Hi all! I decided I would try my hand at implementing C++23’s <stacktrace>
:
https://eel.is/c++draft/stacktrace
To actually implement stacktrace we need a few things: (1) walking the stack and grabbing caller addresses; (2) resolving those to symbols; and (3) resolving them to source file and line number.
For the first one we have libunwind
, so that’s straightfoward enough. (At least I think libcxx can use it, since it’s embedded in libcxxabi
? In my build tree, under build/libcxx/test-suite-install/include
, I see unwind.h
and libunwind.h
.)
But for the others, I’m not sure how to proceed. I can’t seem to find a library that’s #include
-able by libcxx code. Of course there are many places where executable and debug formats are parsed – lldb, lld, ob2yaml, dwarfdump, compiler-rt for -SAN error reporting – but they’re not feasible to include directly, or even copy-pasta under libcxx.
(For fun / educational purposes, I tried creating one supporting only 64-bit OS X, but even that one implementation got nontrivial enough to give me pause. And that’s not including ELF, PE, (both the 32 and 64-bit variants of all these), DWARF, PDB, and the intricacies of those platforms’ dynamic loaders.)

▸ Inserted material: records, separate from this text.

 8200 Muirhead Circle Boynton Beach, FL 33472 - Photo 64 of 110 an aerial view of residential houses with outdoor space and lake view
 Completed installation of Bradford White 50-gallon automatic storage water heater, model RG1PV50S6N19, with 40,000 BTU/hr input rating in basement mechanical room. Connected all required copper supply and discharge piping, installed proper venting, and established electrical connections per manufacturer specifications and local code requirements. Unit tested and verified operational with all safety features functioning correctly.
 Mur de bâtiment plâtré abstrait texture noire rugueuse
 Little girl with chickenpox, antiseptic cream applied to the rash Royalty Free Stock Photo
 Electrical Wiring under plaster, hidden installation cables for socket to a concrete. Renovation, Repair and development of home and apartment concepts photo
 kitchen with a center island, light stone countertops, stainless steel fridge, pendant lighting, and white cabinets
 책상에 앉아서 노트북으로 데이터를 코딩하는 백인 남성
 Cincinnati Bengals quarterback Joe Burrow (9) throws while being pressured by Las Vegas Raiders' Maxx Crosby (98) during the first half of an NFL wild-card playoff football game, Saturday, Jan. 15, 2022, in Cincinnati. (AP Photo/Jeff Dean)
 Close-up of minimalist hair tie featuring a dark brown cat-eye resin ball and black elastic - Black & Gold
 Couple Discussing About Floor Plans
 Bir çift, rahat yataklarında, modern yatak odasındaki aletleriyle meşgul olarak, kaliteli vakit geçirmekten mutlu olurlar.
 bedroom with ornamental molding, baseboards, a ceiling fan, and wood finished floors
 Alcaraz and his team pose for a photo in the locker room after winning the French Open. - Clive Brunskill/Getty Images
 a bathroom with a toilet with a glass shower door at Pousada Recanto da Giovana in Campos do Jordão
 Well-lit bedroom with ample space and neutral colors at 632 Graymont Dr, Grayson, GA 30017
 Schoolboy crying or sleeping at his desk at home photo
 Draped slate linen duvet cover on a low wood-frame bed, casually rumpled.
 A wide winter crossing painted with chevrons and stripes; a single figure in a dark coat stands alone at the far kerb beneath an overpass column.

So to that end I’d like to ask the community what the most preferable way forward is. Taking a step back: ideally there would be a library for parsing object files and interpreting debug information. It would preferably be lean and fast, since this may be done at runtime for various reasons, e.g. error reporting and tracing hotspots for performance. Finally, since stacktrace
accepts a caller-provided allocator, there’s probably concern about how (and how much) memory can be allocated during the operation.
I’m very interested to hear what y’all think. Thanks!